Fundamento decisivo: Em HFrEF crônica sintomática, com FEVE ≤35%, em terapia guiada por diretriz incluindo betabloqueador na dose máxima tolerada, em ritmo sinusal e FC de repouso ≥70 bpm, a ivabradina pode ser benéfica. No caso, a paciente tem FEVE de 30%, classe funcional III, usa carvedilol otimizado e apresenta FC de 80 bpm, o que sustenta a alternativa A.

Tema central: Ivabradina na HFrEF
Análise das alternativas
A
Certa
A alternativa A é a correta porque a paciente permanece em classe funcional III apesar do tratamento de base para insuficiência cardíaca com fração de ejeção reduzida e mantém frequência cardíaca de 80 bpm mesmo em uso de carvedilol. Nessa situação, a ivabradina é a opção adicional indicada para reduzir a frequência cardíaca quando ela segue elevada apesar do betabloqueador, desde que o paciente esteja em ritmo sinusal, pressuposto técnico do enunciado.
B
Errada
Hidralazina + nitrato não é a próxima escolha neste caso porque a paciente já tolera sacubitril/valsartana, e a recomendação mais forte dessa associação é para pacientes negros/afro-americanos sintomáticos em terapia otimizada ou para casos em que ARNI/IECA/BRA não podem ser usados.
C
Errada
Trocar carvedilol por nebivolol não é estratégia consagrada de escalonamento para HFrEF sintomática nesse contexto. O problema clínico relevante é a persistência de FC elevada apesar de betabloqueador otimizado, e a base aponta a adição de ivabradina, não a substituição empírica de um betabloqueador com benefício estabelecido.
D
Errada
Terapia de ressincronização cardíaca não pode ser indicada com base apenas em FEVE baixa e bloqueio de ramo direito. A base é explícita em que o maior benefício ocorre com morfologia LBBB/BRE e QRS alargado; em padrão não-LBBB, como BRD, a indicação é mais restrita e depende da duração do QRS, dado que o enunciado não fornece.
E
Errada
Ultrafiltração é reservada a congestão refratária, sobrecarga volêmica resistente a diuréticos ou cenário de descompensação com hipervolemia importante. O enunciado não descreve edema refratário, resistência diurética, internação por descompensação nem qualquer dado de hipervolemia resistente.
Pegadinha da questão
A banca mistura dois gatilhos que confundem: o bloqueio de ramo direito, que não basta para indicar ressincronização, e a FC de 80 bpm apesar de carvedilol otimizado, que é o dado realmente decisivo a favor de ivabradina; além disso, a indicação de ivabradina pressupõe ritmo sinusal, embora isso não tenha sido escrito de forma explícita.
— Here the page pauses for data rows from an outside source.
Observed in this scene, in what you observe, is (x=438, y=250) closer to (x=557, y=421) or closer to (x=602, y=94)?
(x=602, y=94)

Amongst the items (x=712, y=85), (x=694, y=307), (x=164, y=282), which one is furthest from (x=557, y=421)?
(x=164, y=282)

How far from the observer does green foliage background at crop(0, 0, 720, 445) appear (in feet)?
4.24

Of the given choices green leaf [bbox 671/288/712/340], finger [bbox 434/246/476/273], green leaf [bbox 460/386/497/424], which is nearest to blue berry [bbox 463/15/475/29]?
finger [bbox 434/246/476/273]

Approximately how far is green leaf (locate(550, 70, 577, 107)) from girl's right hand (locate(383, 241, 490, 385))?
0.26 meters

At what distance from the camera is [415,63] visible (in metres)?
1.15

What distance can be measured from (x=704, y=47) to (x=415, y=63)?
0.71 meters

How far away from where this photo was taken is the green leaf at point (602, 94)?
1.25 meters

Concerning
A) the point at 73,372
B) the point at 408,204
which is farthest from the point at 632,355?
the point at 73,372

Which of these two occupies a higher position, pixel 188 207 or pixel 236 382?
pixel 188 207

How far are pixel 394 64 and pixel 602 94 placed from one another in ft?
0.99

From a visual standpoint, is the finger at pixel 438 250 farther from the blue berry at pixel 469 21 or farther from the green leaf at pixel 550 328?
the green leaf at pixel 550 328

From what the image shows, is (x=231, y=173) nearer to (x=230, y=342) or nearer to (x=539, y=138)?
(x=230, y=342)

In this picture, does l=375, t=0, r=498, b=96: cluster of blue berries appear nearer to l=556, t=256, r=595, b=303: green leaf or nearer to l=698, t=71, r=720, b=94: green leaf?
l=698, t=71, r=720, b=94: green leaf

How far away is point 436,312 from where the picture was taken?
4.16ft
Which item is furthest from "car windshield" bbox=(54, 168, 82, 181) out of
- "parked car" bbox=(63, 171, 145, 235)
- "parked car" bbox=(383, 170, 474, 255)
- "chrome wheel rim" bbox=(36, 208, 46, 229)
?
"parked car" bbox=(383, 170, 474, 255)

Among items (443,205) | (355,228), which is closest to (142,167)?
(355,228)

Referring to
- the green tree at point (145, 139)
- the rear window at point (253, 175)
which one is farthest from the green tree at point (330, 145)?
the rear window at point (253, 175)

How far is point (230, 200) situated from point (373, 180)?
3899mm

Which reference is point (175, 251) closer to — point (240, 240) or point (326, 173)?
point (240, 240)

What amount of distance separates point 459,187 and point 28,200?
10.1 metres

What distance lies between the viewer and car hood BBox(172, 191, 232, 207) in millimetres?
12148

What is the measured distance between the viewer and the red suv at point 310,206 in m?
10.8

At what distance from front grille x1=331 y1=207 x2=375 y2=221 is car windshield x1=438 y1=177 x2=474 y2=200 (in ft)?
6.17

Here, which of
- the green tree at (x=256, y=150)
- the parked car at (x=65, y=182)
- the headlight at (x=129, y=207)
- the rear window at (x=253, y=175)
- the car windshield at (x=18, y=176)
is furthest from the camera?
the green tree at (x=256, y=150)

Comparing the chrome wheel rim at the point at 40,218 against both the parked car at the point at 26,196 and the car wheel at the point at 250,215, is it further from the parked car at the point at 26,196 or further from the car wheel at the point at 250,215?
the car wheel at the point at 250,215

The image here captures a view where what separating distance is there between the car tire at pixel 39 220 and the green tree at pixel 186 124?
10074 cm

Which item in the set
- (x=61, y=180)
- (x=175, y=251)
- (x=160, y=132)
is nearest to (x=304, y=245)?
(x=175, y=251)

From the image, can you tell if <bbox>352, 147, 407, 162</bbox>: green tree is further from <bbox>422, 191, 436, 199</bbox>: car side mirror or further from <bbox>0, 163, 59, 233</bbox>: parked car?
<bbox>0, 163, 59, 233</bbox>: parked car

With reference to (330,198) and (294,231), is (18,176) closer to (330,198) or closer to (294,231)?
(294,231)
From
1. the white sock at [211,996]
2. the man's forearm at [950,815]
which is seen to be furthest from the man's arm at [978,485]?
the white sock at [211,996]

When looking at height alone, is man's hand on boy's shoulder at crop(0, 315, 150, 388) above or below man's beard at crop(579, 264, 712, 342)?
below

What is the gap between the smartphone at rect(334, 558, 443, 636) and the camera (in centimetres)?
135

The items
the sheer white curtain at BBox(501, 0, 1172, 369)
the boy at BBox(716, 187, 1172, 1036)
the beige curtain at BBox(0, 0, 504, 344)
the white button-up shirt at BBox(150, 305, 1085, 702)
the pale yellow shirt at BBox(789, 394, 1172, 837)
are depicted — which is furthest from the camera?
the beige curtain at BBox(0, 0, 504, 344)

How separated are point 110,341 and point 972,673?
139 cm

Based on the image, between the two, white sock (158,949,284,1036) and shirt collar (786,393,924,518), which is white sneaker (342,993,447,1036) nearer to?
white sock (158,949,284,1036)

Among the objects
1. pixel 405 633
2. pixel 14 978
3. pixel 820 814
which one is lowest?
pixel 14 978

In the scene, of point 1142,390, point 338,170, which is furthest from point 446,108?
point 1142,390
Dica para questões semelhantes
  • Em HFrEF sintomática, procure primeiro o trio decisivo para ivabradina: FEVE ≤35%, betabloqueador otimizado e FC ≥70 bpm; se isso aparecer, pense nela antes de outras adições.
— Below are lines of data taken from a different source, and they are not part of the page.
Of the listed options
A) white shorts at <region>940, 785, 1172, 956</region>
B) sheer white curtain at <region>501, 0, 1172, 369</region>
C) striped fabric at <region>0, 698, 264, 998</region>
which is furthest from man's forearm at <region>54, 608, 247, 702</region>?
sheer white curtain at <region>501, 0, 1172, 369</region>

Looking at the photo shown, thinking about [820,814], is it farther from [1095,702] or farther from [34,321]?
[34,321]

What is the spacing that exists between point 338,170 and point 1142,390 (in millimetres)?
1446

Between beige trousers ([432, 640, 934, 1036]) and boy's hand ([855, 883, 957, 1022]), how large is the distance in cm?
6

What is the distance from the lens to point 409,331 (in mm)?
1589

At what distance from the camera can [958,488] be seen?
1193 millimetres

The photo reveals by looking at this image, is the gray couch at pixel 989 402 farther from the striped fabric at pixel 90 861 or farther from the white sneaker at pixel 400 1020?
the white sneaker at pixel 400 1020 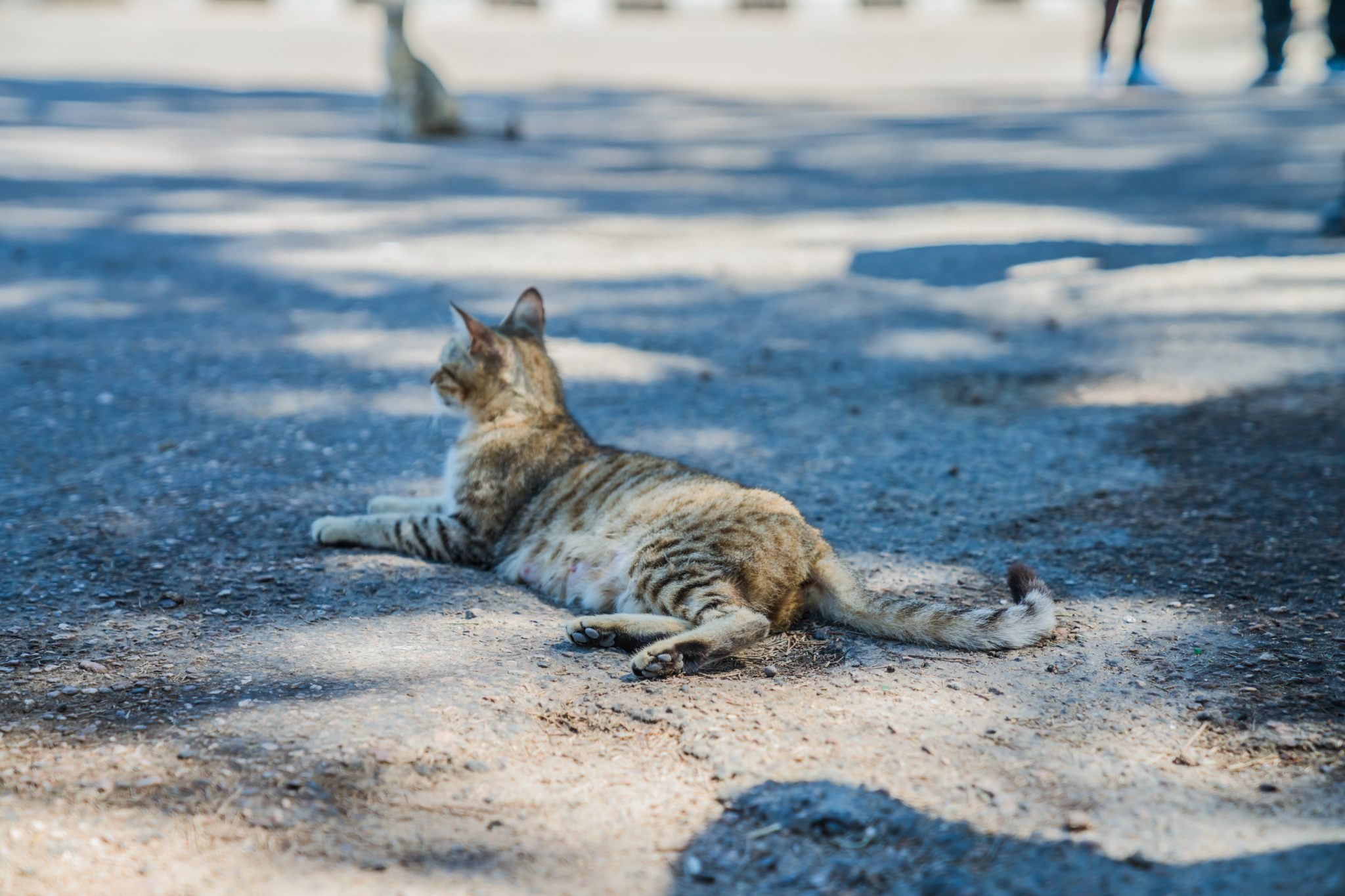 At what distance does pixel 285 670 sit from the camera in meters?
3.19

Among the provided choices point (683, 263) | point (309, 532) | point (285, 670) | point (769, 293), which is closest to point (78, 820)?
point (285, 670)

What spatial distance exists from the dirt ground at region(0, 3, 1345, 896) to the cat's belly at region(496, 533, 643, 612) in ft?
0.65

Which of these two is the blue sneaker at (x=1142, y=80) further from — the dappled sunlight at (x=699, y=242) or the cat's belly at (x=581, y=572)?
the cat's belly at (x=581, y=572)

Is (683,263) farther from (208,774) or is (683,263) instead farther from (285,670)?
(208,774)

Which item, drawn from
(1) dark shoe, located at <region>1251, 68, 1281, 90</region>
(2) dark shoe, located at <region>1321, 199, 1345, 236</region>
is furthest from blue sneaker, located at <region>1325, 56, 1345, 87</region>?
(2) dark shoe, located at <region>1321, 199, 1345, 236</region>

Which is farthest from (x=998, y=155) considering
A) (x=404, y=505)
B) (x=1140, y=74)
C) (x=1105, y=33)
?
(x=404, y=505)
  • Não indique CRT por qualquer bloqueio de ramo: a morfologia do QRS e sua duração são critérios essenciais, e BRD isolado não fecha indicação.
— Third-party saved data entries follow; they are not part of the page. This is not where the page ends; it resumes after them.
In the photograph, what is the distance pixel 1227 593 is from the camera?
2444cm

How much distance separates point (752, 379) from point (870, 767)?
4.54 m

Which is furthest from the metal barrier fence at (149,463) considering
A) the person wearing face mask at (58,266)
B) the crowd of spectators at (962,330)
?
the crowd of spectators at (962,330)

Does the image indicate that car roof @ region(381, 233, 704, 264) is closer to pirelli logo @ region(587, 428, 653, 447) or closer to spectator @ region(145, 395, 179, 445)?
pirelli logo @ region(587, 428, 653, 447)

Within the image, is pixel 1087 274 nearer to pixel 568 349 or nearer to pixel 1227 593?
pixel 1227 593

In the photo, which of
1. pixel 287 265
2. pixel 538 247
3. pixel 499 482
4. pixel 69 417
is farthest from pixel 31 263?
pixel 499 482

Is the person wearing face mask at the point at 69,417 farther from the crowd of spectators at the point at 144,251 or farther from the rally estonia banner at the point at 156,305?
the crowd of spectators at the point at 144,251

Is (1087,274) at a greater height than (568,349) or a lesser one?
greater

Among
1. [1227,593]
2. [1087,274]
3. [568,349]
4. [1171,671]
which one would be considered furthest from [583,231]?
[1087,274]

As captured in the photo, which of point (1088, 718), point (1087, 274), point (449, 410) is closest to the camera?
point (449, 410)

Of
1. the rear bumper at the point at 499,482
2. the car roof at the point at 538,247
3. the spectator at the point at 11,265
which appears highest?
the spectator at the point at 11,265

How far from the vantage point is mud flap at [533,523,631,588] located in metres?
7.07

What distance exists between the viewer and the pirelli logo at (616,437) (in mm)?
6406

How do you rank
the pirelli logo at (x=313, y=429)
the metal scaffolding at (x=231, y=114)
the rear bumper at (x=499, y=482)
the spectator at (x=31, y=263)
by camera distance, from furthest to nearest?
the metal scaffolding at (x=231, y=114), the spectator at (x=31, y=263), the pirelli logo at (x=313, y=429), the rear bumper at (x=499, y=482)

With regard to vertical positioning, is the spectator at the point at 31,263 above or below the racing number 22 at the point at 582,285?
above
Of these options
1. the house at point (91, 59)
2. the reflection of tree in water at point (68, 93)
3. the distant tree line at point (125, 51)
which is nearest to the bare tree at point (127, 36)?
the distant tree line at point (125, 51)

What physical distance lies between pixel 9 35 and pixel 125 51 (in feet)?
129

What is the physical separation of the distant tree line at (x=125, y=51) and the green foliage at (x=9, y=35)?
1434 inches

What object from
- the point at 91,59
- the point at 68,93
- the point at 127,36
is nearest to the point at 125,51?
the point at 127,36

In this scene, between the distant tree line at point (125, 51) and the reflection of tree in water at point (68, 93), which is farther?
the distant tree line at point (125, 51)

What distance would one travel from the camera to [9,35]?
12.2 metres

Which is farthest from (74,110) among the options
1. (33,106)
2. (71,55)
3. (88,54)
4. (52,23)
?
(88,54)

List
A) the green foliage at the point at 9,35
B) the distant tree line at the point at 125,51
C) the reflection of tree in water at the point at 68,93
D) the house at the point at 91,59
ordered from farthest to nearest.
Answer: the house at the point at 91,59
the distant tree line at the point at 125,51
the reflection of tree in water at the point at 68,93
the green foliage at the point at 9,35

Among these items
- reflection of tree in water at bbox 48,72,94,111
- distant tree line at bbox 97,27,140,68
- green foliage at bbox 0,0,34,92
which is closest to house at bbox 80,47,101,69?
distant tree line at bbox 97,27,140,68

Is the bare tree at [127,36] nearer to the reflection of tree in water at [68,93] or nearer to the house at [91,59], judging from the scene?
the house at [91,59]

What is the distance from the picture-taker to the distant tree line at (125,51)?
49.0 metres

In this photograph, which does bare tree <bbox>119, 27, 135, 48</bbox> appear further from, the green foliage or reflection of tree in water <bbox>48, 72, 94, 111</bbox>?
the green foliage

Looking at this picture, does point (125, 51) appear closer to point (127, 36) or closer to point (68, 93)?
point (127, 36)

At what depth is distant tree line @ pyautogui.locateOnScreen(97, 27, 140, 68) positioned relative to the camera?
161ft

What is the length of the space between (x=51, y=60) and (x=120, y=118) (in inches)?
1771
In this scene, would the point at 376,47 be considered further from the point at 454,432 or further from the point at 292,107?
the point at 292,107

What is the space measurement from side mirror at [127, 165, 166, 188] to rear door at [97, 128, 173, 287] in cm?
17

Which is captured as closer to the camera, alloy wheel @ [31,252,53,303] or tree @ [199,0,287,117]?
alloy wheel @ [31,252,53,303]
  • Hidralazina+nitrato não é reforço universal da HFrEF; pela base, ganha força em pacientes negros/afro-americanos sintomáticos ou quando ARNI/IECA/BRA não podem ser usados.
  • Ultrafiltração pertence ao cenário de congestão refratária, não ao manejo ambulatorial estável apenas por persistência de sintomas.